Imaginez qu’en 1941, la Kriegsmarine ait voulu faire franchir le canal de Suez au Tirpitz, Bismarck, Graf von Spee et autres tas de ferraille de la même eau au nez et à la barbe des Anglais qui tenait alors l’Egypte. Ça tient de la gageure majeure. Mais on l’a dit : Belissarius est un escroc…

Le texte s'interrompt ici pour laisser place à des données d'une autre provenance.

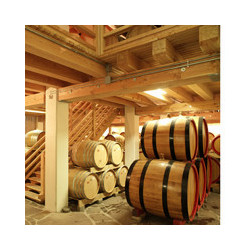 Grappa - GIARE - Riserva Gewurztraminer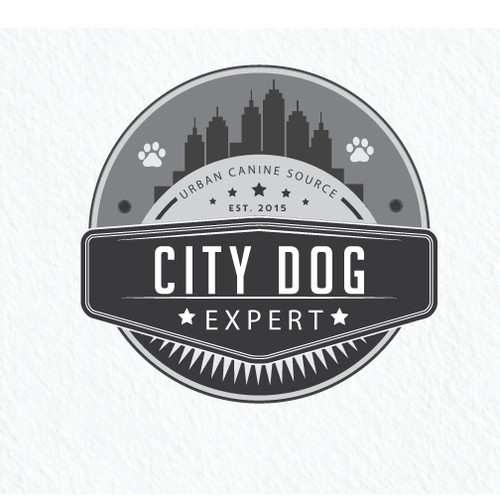 City Dog Expert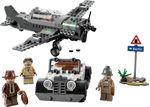 L-inseguimento-dell-aereo-a-elica---Lego-Indiana-Jones™-77012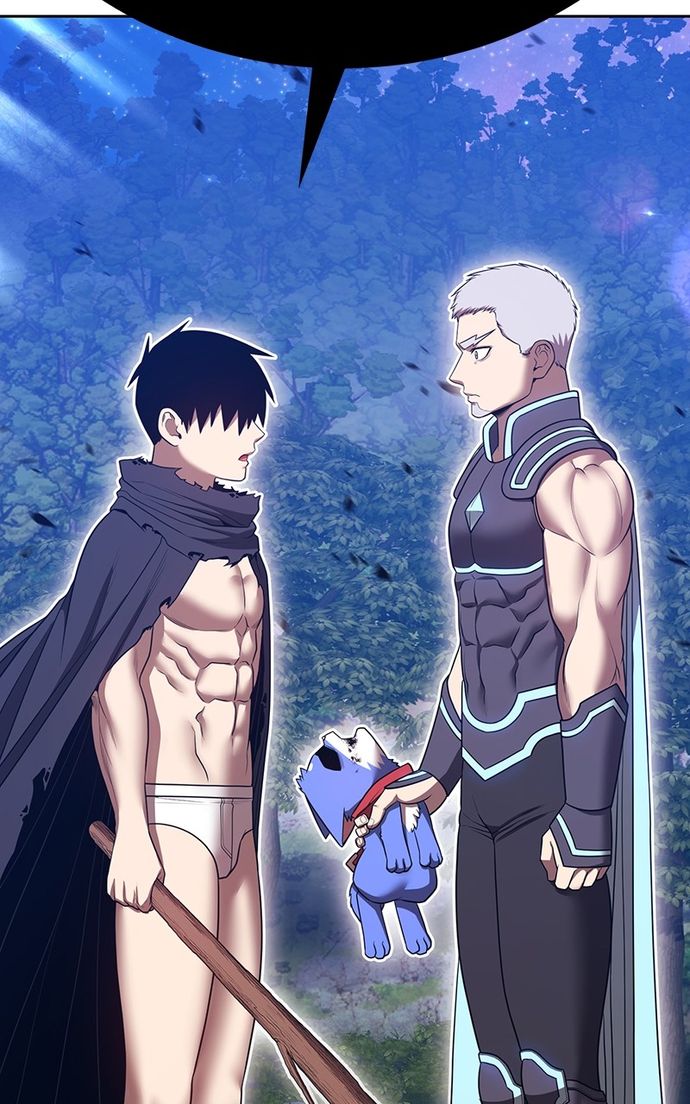 +99 Wooden stick - Chapter 142 Page 85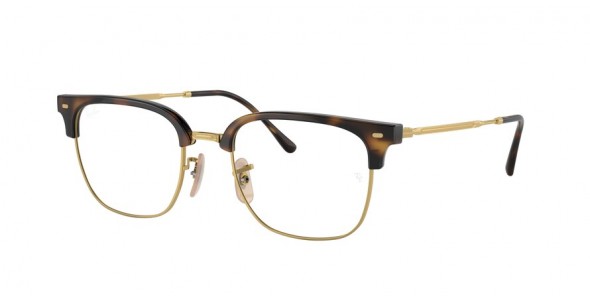 Ray-Ban New Clubmaster RX7216 2012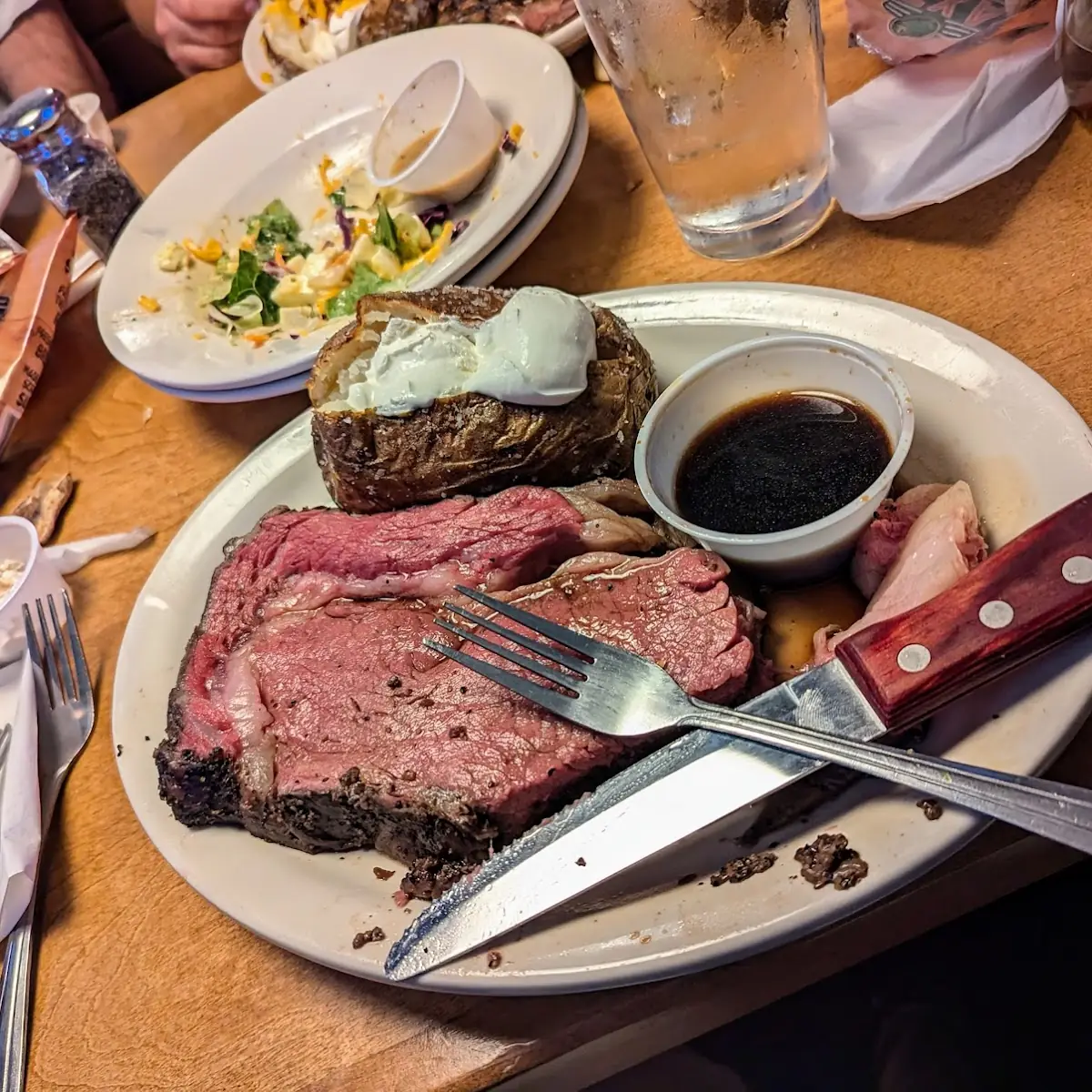 16oz Prime Rib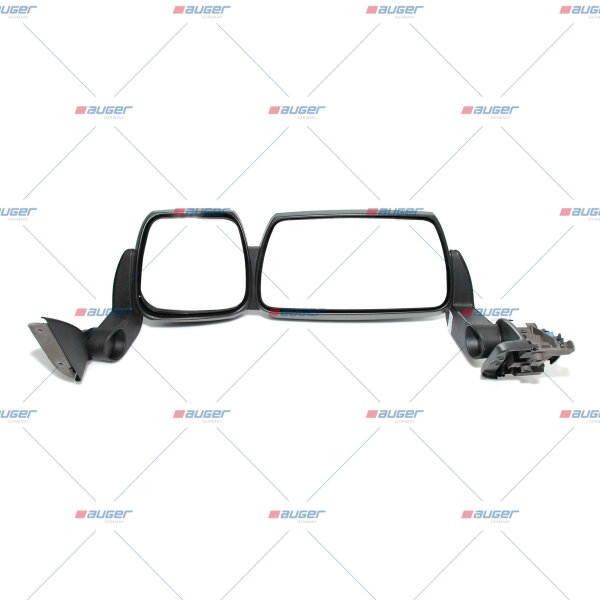 Spiegel p.f. IVECO 504150527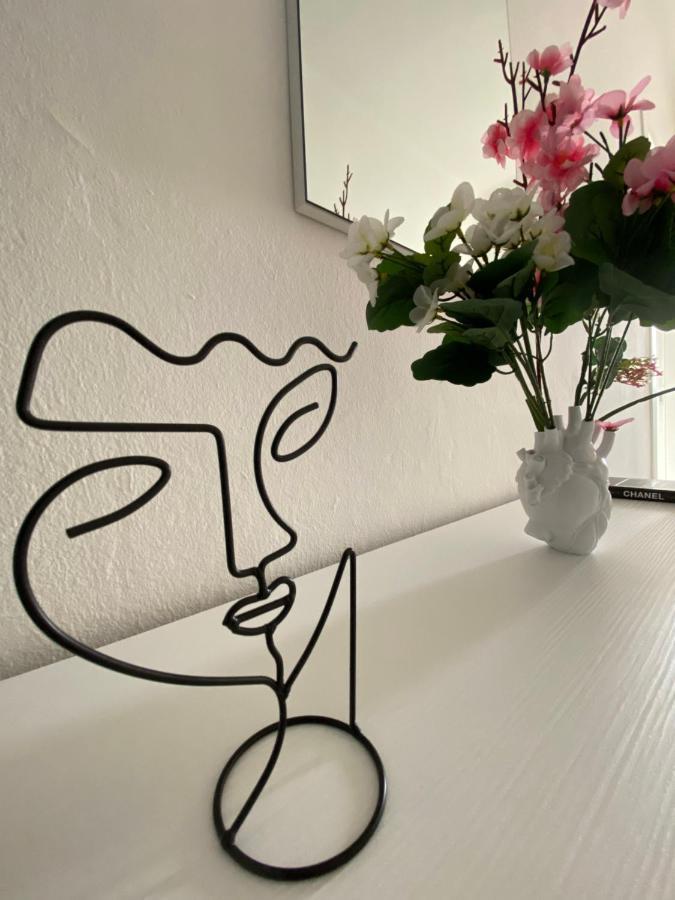 The Chic Holiday Apartment Verona Bagian luar foto
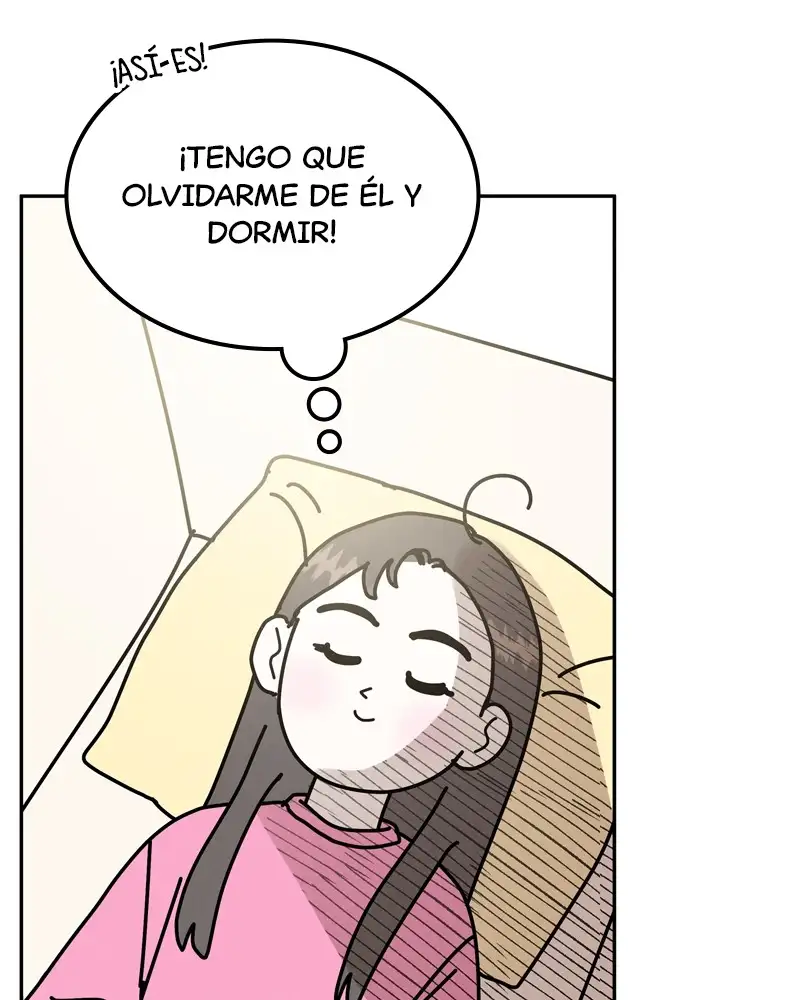 Un Romance Egoísta capítulo 1 página 112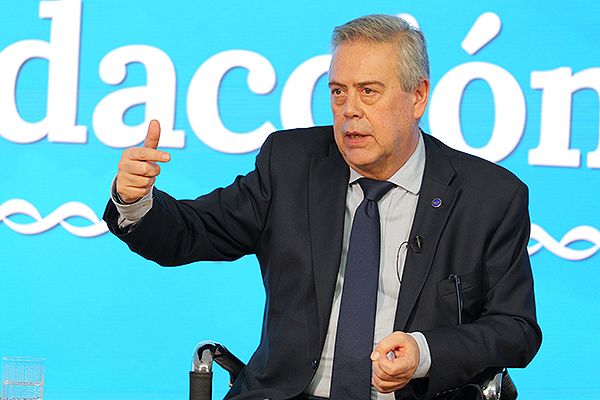 Caamaño pide que Galicia sea un sitio para envejecer bien.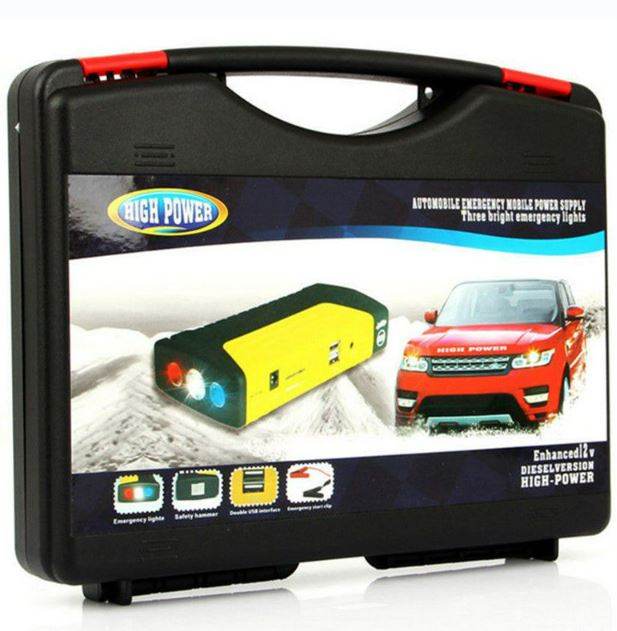 Automobile Power Supply - DMC Wholesale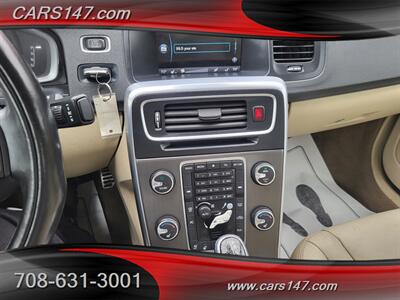 2015 Volvo S60 T5 Drive-E Premier   - Photo 17 - Midlothian, IL 60445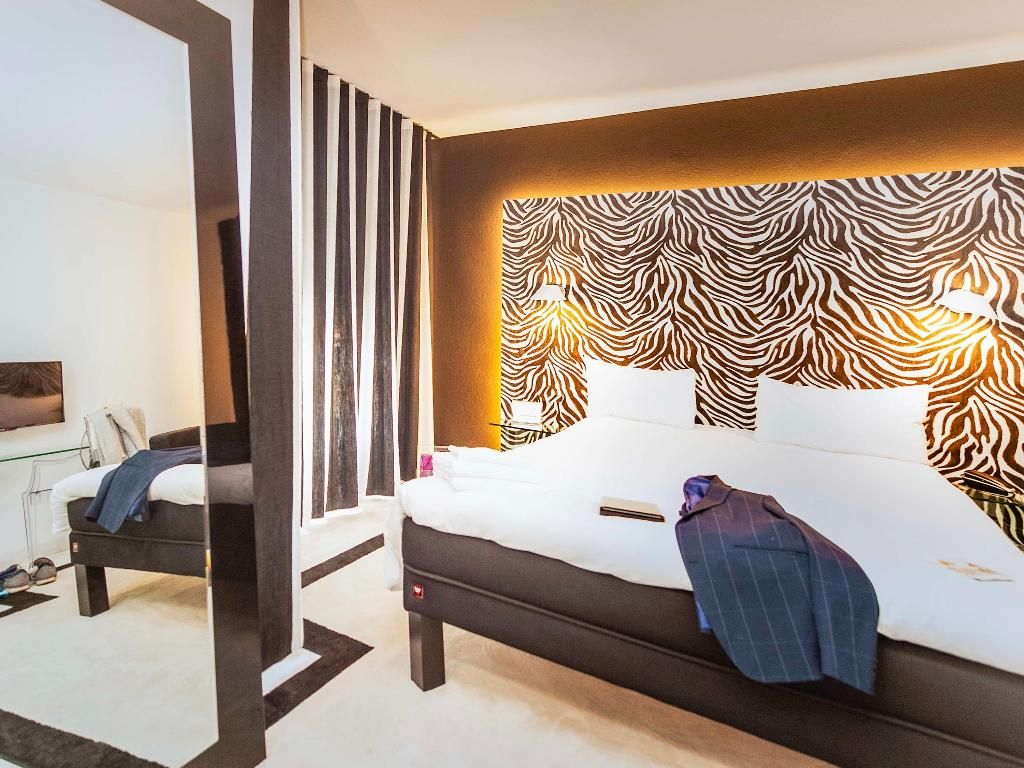 ibis Styles La Rioja Arnedo, foto 2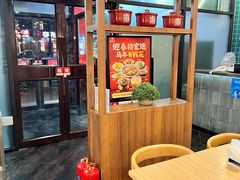 -宏状元现熬粥·京味菜(黄寺大街店)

En début de lecture, on imaginerait bien une double opération, manquée et réussie, Belissarius finissant, ou pas, d’ailleurs, par effondrer la fonction d’onde à son intérêt. Voire, laissant les fantoches avec une flotte qui ne passe pas et l’Union avec une flotte qui est passée ; une fonction d’onde non effondrée où le chat est toujours à la fois mort et vivant. Derek Künsken déçoit quelque peu en n’ayant pas joué quelque chose d’aussi sophistiqué. Il n’est pas nécessaire de maîtriser les diverses théories scientifiques invoquées par l’auteur pour apprécier le roman. La vieille SF, celle des années 30, n’est de nos jours plus crédible parce que la culture générale de la plupart des gens a intégré assez de science pour que le lecteur ne soit plus à même de suspendre son incrédulité. Un lecteur qui ignorerait tout de Mars aujourd’hui ne serait pas un lecteur de SF ; il n’est plus « croyable » que les autres planètes du système solaire soient habitées. Les Mars d’Edgar Rice Burroughs, Leigh Brackett ou Ray Bradbury ne sont plus crédibles ; il faut au moins la « Trilogie Martienne » de Kim Stanley Robinson pour que ça marche encore. Pour un physicien quantique, ce que dit ici Künsken de la théorie des quanta n’est peut-être que pur charabia pseudo-scientifique ridicule, mais cela marche fort bien au regard d’un lecteur armé d’une vague connaissance de la théorie. Le gap entre lecteur et auteur ne doit pas être très important. Künsken n’a pas écrit pour un docteur en physique quantique ni pour le dernier des béotiens, mais pour des lecteurs ayant un minimum de culture scientifique. Il demande à être lu comme A. E. van Vogt dont il a repris le principe d’écriture et a modernisé le champ scientifique d’où il extrait son « charabia » de manière à être en phase avec l’époque actuelle.
Le Magicien Quantique a été rédigé selon la pratique de rallonge consistant à suivre chacun des divers protagonistes de chapitre en chapitre. Sans être ennuyeux, le roman manque toutefois de nerf, mais on a là un NSO en rien désagréable qui ravira les aficionados du genre ; les autres peuvent, mais nullement ne doivent, faire l’impasse.